Skip the pictures and write out, word for word, the lines below from the one with "花小道刺繍ニットカーディガン" through the one with "Produktbild von Hülle", inclusive.

• [Information provided]
----------------------------------------

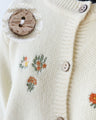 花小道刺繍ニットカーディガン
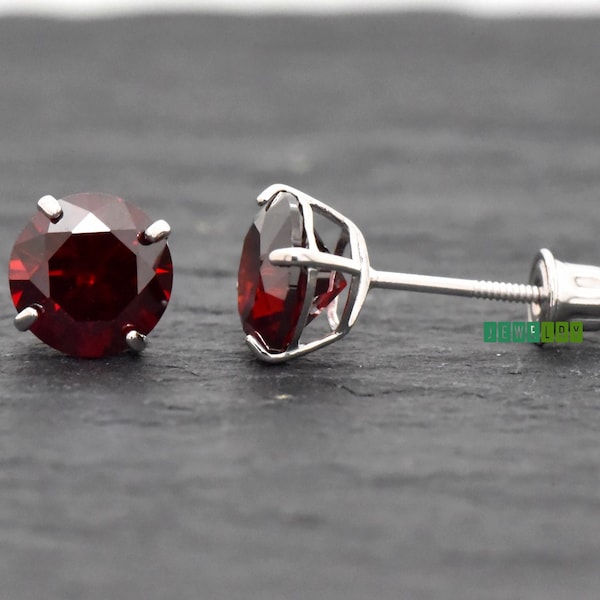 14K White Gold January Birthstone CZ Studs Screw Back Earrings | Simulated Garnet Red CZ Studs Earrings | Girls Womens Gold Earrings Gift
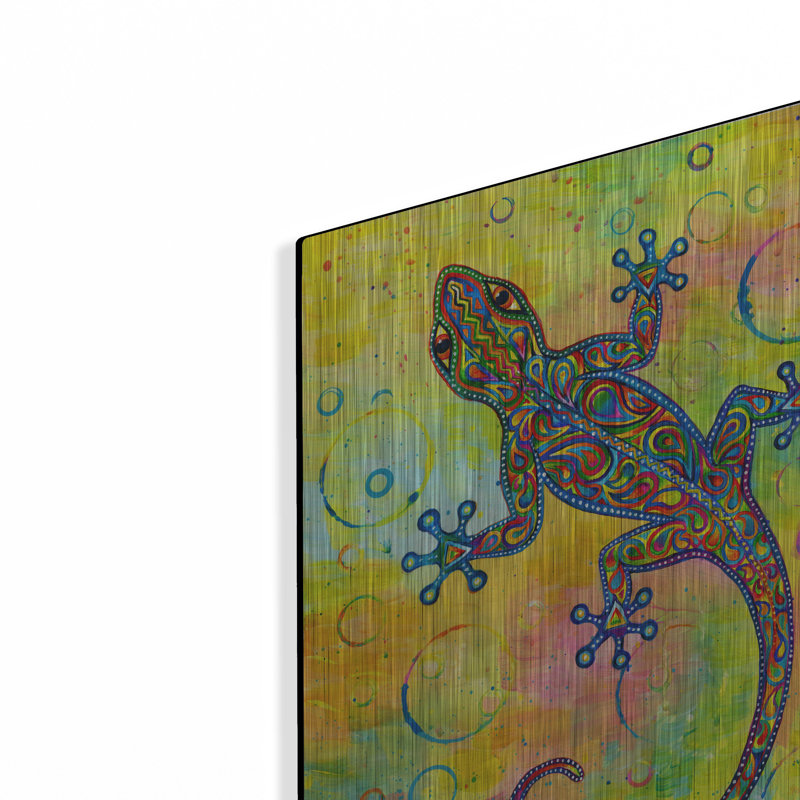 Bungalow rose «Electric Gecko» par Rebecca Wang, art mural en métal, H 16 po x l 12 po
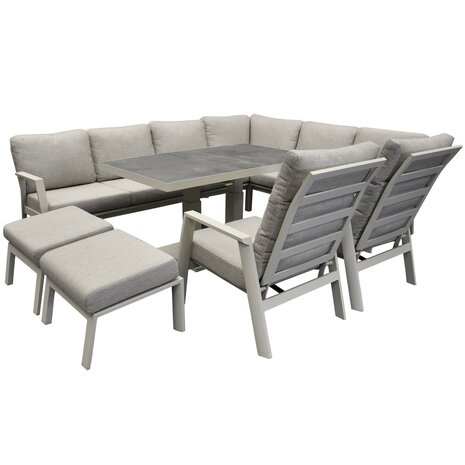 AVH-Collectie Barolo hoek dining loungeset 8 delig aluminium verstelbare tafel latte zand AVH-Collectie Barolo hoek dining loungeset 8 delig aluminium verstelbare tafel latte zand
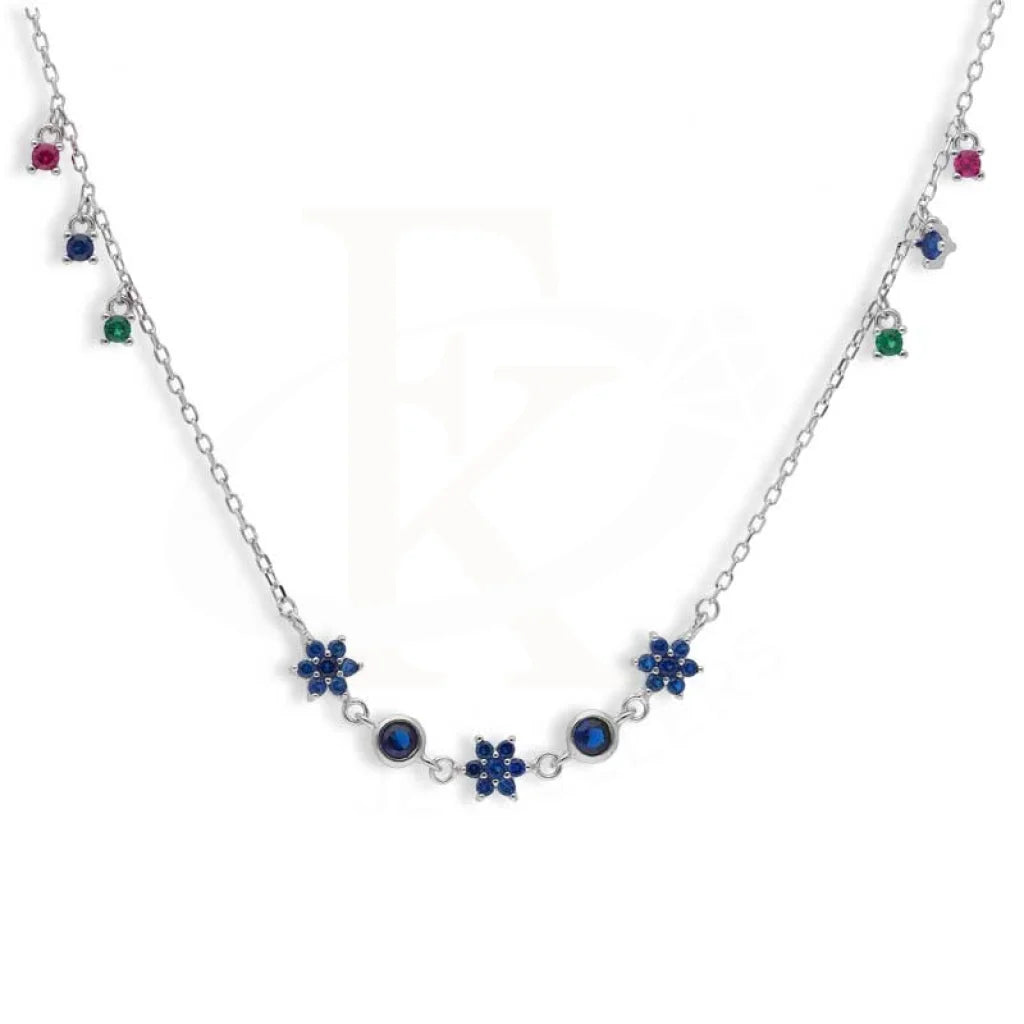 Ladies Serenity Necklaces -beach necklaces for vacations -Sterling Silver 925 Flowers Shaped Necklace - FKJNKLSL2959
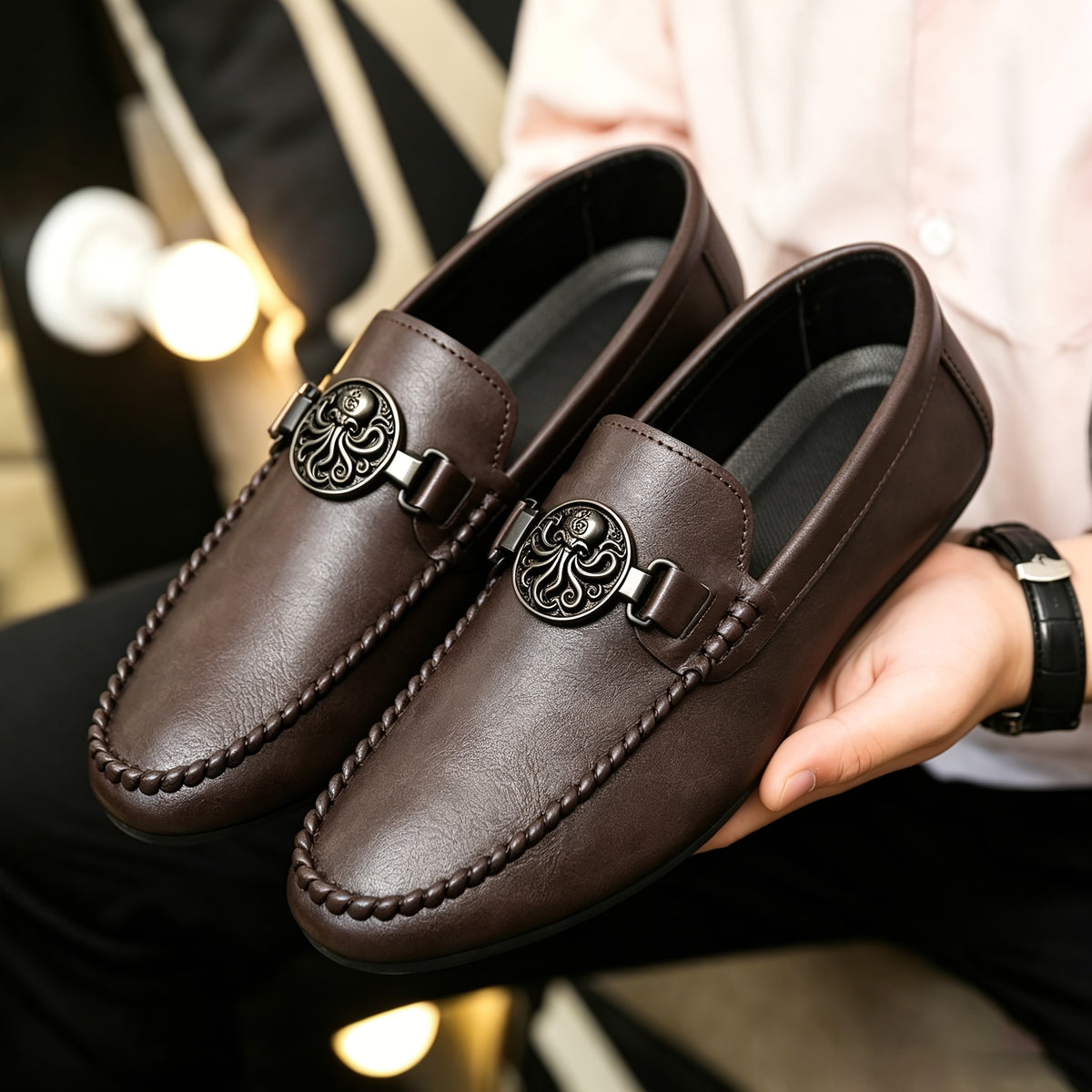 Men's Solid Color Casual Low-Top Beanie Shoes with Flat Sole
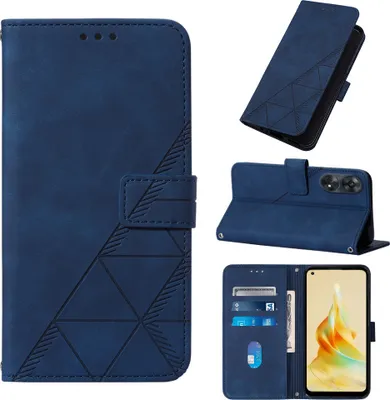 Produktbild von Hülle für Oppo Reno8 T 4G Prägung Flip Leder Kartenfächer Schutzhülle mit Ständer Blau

----------------------------------------

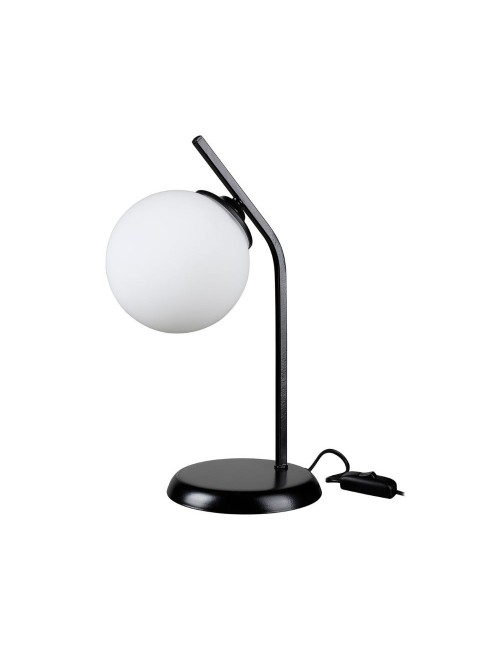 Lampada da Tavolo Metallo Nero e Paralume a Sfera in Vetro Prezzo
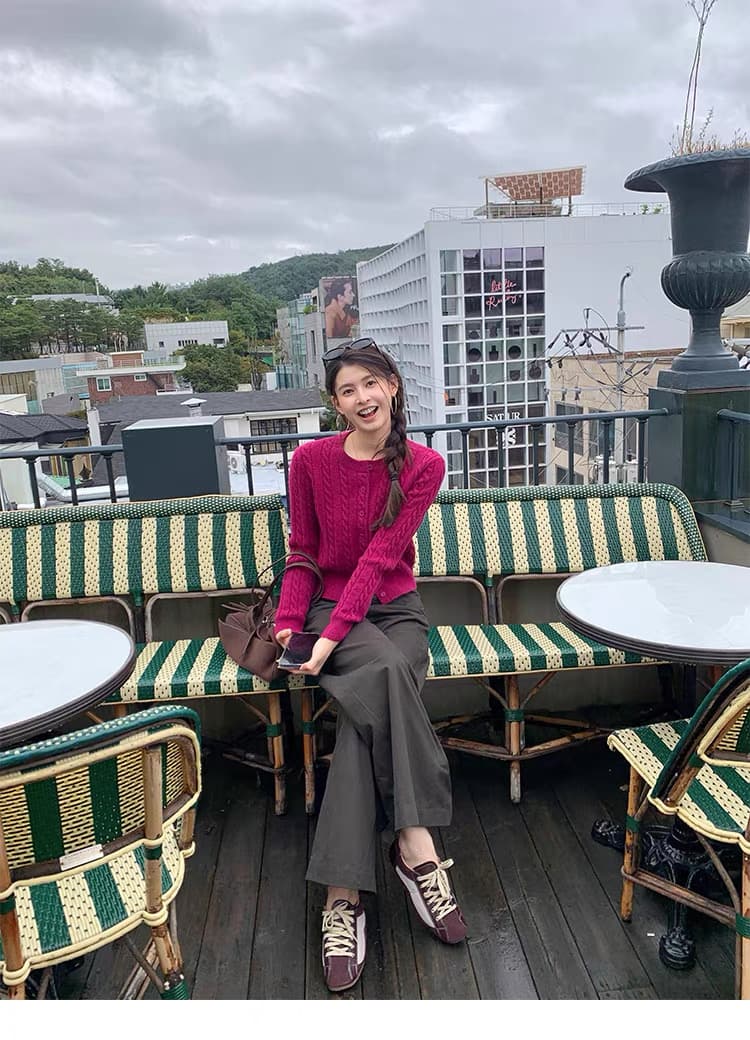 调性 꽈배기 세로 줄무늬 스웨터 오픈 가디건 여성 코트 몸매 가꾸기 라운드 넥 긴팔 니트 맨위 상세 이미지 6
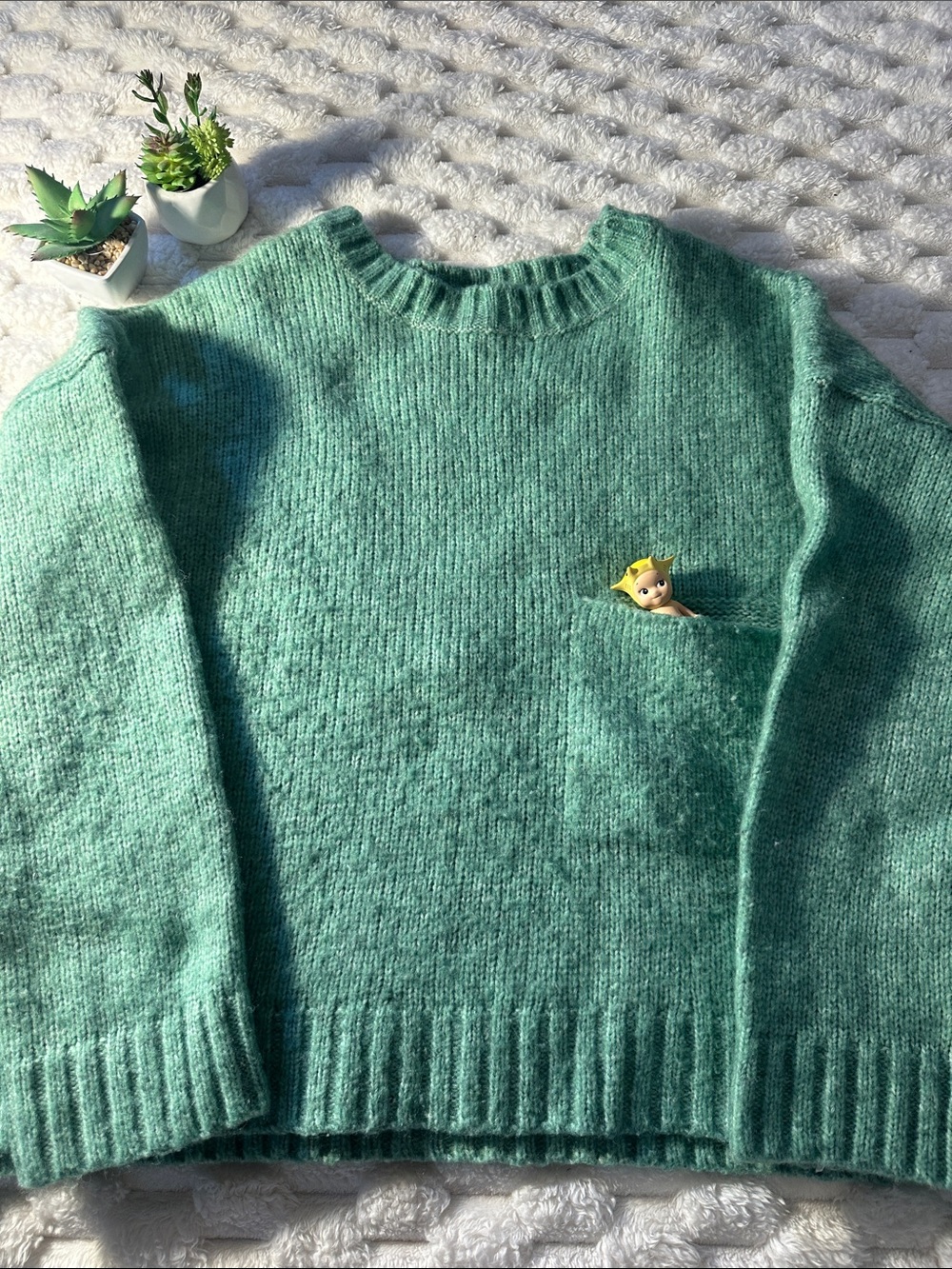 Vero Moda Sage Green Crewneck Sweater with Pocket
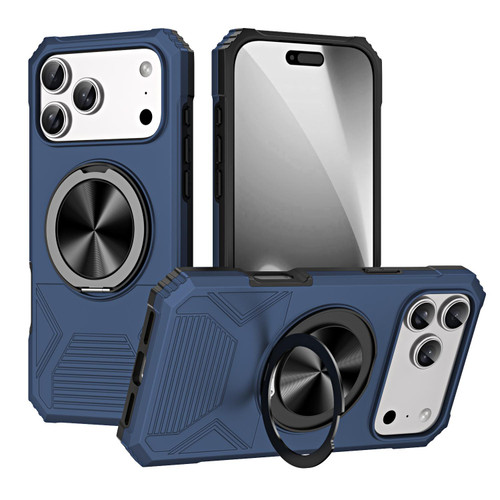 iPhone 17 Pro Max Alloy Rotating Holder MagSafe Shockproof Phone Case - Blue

----------------------------------------

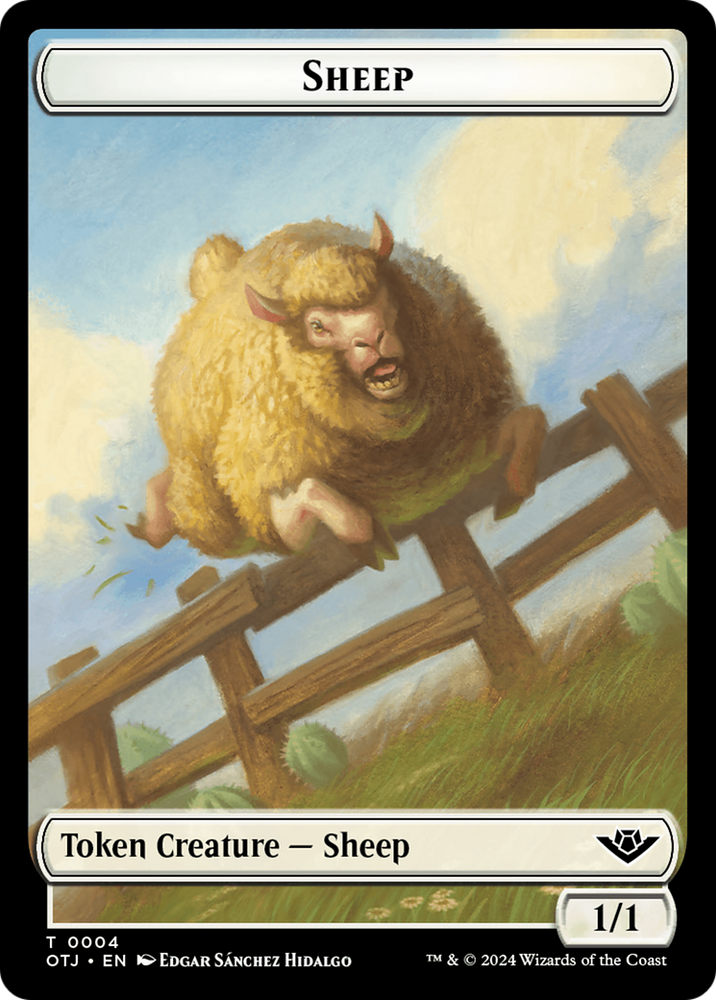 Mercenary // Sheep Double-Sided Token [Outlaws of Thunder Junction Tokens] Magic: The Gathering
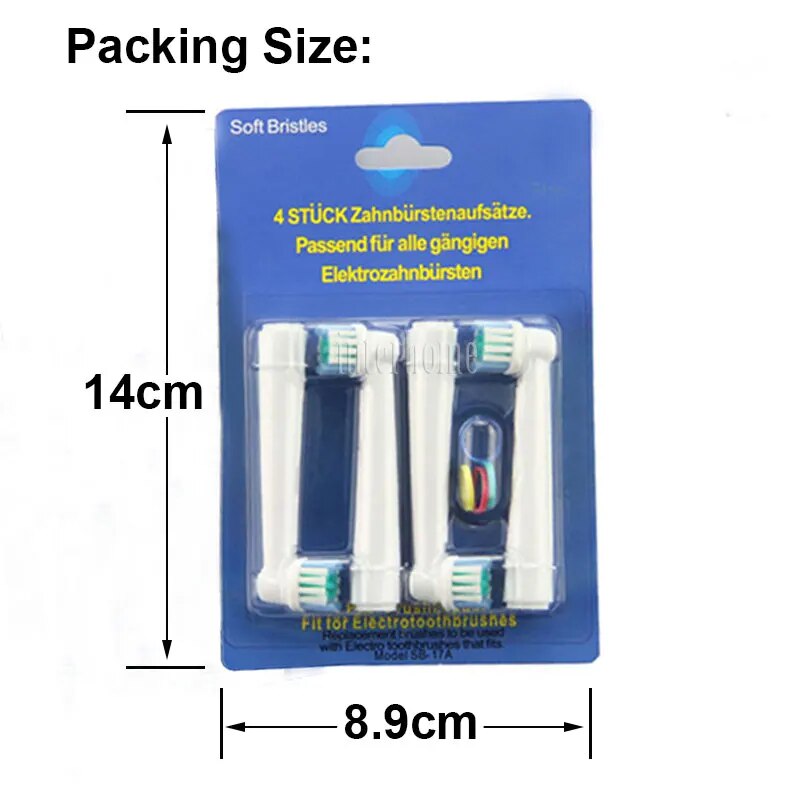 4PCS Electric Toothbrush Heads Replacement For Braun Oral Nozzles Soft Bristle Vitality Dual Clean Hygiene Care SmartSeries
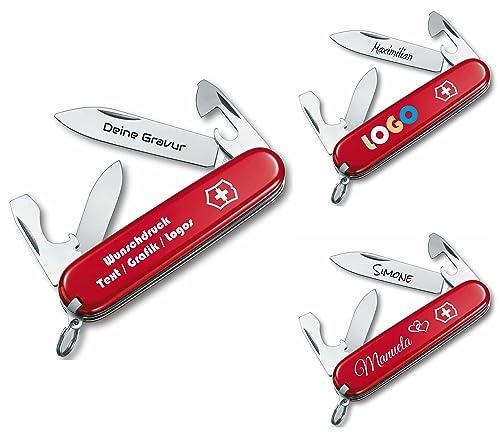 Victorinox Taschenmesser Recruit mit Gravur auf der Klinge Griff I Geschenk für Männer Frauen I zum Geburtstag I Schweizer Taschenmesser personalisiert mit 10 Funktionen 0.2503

----------------------------------------

• [Result of the task]
 花小道刺繍ニットカーディガン
 14K White Gold January Birthstone CZ Studs Screw Back Earrings | Simulated Garnet Red CZ Studs Earrings | Girls Womens Gold Earrings Gift
 Bungalow rose «Electric Gecko» par Rebecca Wang, art mural en métal, H 16 po x l 12 po
 AVH-Collectie Barolo hoek dining loungeset 8 delig aluminium verstelbare tafel latte zand AVH-Collectie Barolo hoek dining loungeset 8 delig aluminium verstelbare tafel latte zand
 Ladies Serenity Necklaces -beach necklaces for vacations -Sterling Silver 925 Flowers Shaped Necklace - FKJNKLSL2959
 Men's Solid Color Casual Low-Top Beanie Shoes with Flat Sole
 Produktbild von Hülle für Oppo Reno8 T 4G Prägung Flip Leder Kartenfächer Schutzhülle mit Ständer Blau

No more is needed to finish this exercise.